Graduating college is a very exciting time for most people. That sense of accomplishment you get from finally walking across that stage, being handed the diploma you put so much time, effort and money in to—It has finally culminated into a tangible item that can better your future and help you help others in whatever field it is that you are entering in to. You're surrounded by family and friends and the excitement of celebrations! It is almost all awesome. However, getting your degree does not mean you have it all together, and coming from my own personal experience, there are few questions I would rather everyone avoid asking me.
Yes, I graduated college. No, I do not consider myself a real adult yet.
1. What are your summer plans?
While this question may come out of sheer curiosity and a kind place, this question sets any newly graduated individual down a road of terror and anxiety. When I am asked this question, I know that the person asking is expecting me to say something about job hunting or internships or furthering my education and the adult expectations are already beginning! The truth is, I have just accomplished something major, and I want to take some time to relax and celebrate. This could be your graduate's last real summer and
2. What are you going to do with a degree in THAT?

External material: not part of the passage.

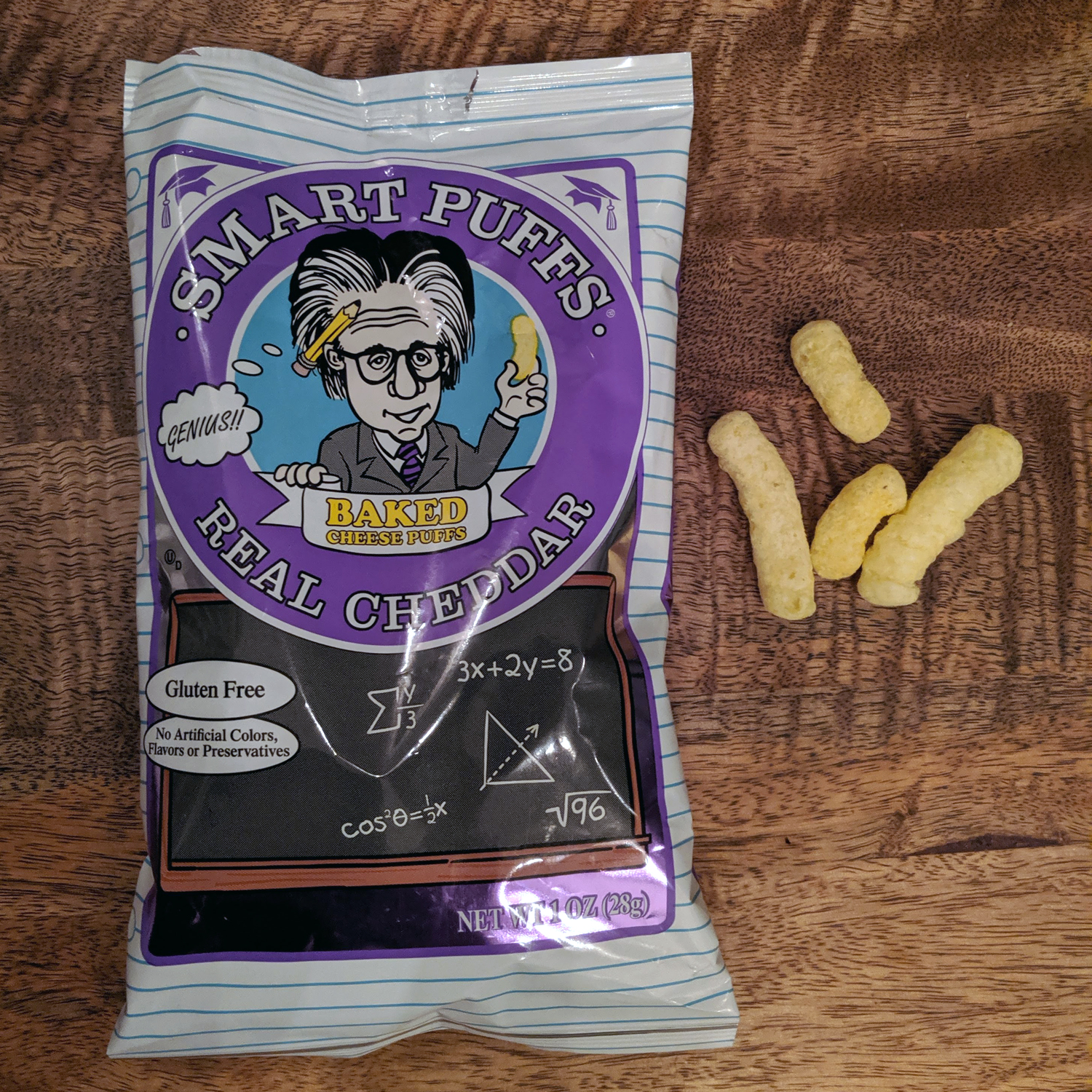 smartpuffs_cheddar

As a Communication Arts student, I get this question very, very, very often. I understand people are curious, and while I do have an answer for them, many others do not. They spent however many years it took to get a degree in something they enjoy and love, and maybe they don't have it all figured out yet. Asking what their future plans are with an inflection of disappointment or confusion does not help anyone and only invokes feelings of even more confusion or possibly regret. That's not exactly what you want your graduating friend/family member to be feeling after they walk across that stage, do you?
3. How do you plan on keeping in touch with all the friends you’re moving away from?
This question, put simply, HURTS like hell. Moving away from your friends is so hard and maintaining real friendships as adults can be super difficult. But at the end of my senior year, I haven't put that much thought into that and now it's all I can think about. I think myself into a tornado of anxiety and despair, and all of my fears of being alone and abandoned come racing to the forefront of my mind...all because of your question. I will manage to keep track of the people whose relationships are that important to me. But I'm too busy popping champagne bottles to be thinking about that right now!
4. Why aren’t you in a relationship yet?
I went to college to get an education, not a husband, contrary to popular belief. Yes, I understand that some people meet the love of their life in college. It just didn't work out for me. It kind of sucks and it is another area of uncertainty I will have to deal with, but it is not my biggest concern. I would much rather you send some positive vibes and congratulations my way than we dwell on my failed college relationships, and I'm sure all my fellow single graduates would concur.
5. Do you regret anything about your undergrad/college life?
Whether this is asked by a friend or family member, this is an awful question. The obvious answer is yes -- I messed up on some finals, I didn't put effort into the right friendships, I didn't leave college engaged (refer to question four) and I got too drunk and had awful hangovers, on more than one occasion. But in this time of celebration, I do not need a trip down memory lane. I would rather look ahead to my future than fall back into the ruts of my past.
For the sake of the sanity of all my fellow graduates, please do your very best to avoid these questions (and questions closely related to these). You will save them a lot of anxious thoughts and feelings, and keep the vibe bright and uplifting. Congratulate and celebrate your grad and send them into their future feeling loved and happy, not judged or scared of the future. Wishing the class of 2018 all the best!